#### [Provided data]
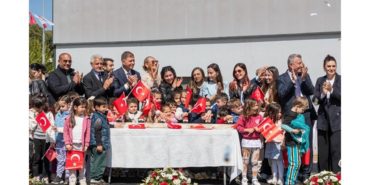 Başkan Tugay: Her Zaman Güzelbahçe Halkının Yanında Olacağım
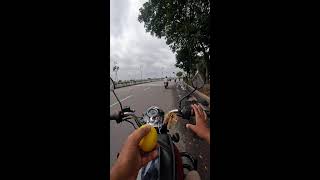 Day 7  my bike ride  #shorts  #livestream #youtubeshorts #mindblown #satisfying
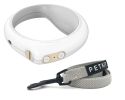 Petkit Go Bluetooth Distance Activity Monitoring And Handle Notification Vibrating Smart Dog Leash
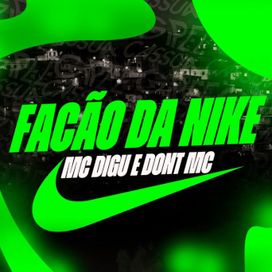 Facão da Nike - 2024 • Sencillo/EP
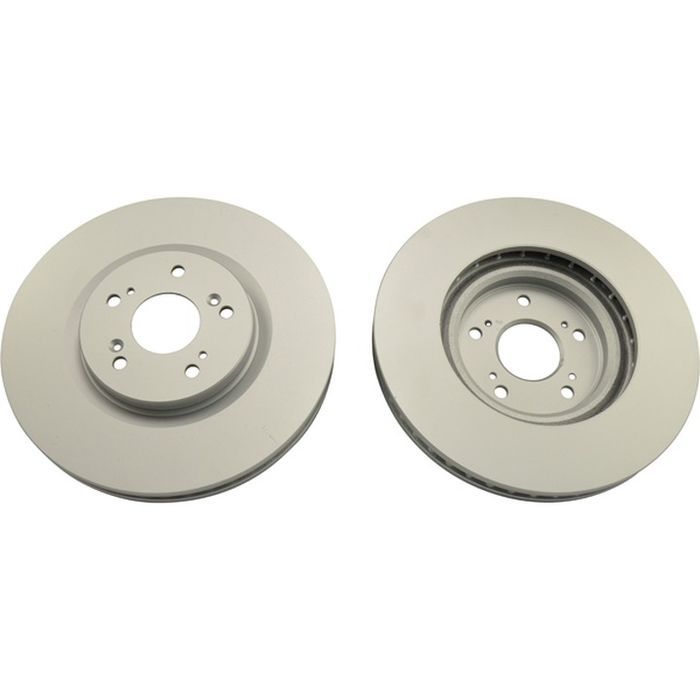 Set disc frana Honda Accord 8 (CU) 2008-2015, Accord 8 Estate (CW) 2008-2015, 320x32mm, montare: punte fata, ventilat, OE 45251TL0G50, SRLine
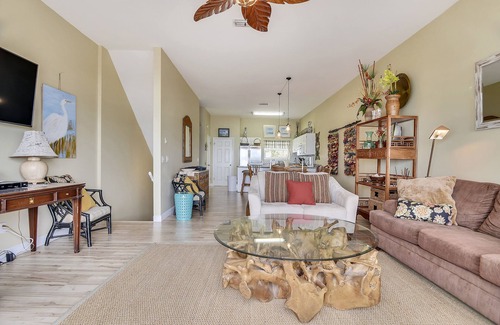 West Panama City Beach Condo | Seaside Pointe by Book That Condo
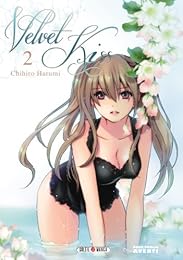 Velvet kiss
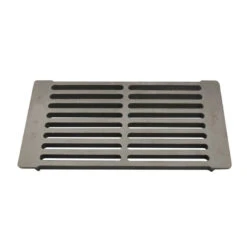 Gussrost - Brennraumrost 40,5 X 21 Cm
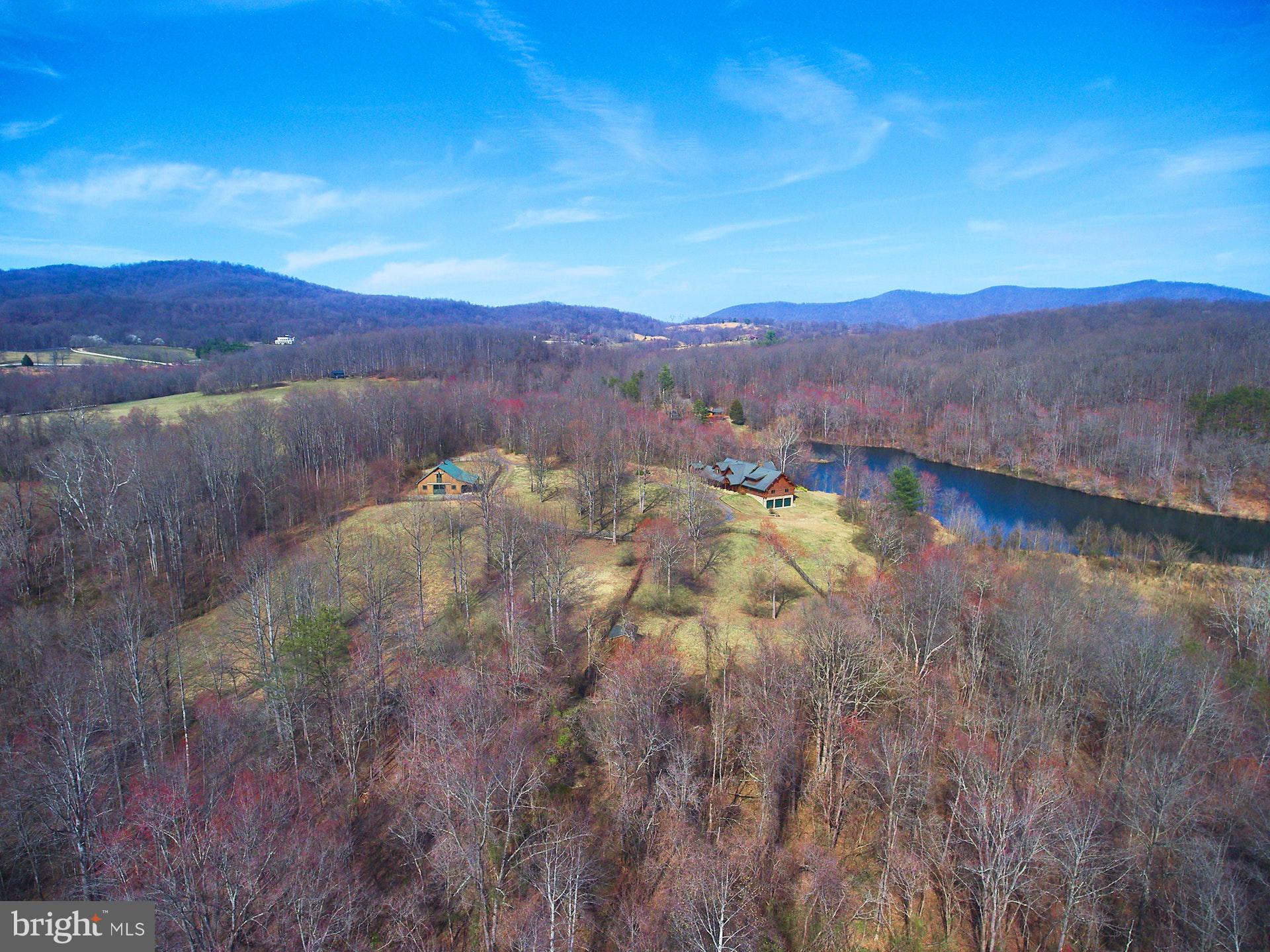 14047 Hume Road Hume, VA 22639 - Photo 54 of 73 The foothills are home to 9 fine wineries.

#### [Assigned task]
Drop the pictures and copy the data exactly.

#### [Task result]
 Başkan Tugay: Her Zaman Güzelbahçe Halkının Yanında Olacağım
 Day 7  my bike ride  #shorts  #livestream #youtubeshorts #mindblown #satisfying
 Petkit Go Bluetooth Distance Activity Monitoring And Handle Notification Vibrating Smart Dog Leash
 Facão da Nike - 2024 • Sencillo/EP
 Set disc frana Honda Accord 8 (CU) 2008-2015, Accord 8 Estate (CW) 2008-2015, 320x32mm, montare: punte fata, ventilat, OE 45251TL0G50, SRLine
 West Panama City Beach Condo | Seaside Pointe by Book That Condo
 Velvet kiss
 Gussrost - Brennraumrost 40,5 X 21 Cm
 14047 Hume Road Hume, VA 22639 - Photo 54 of 73 The foothills are home to 9 fine wineries.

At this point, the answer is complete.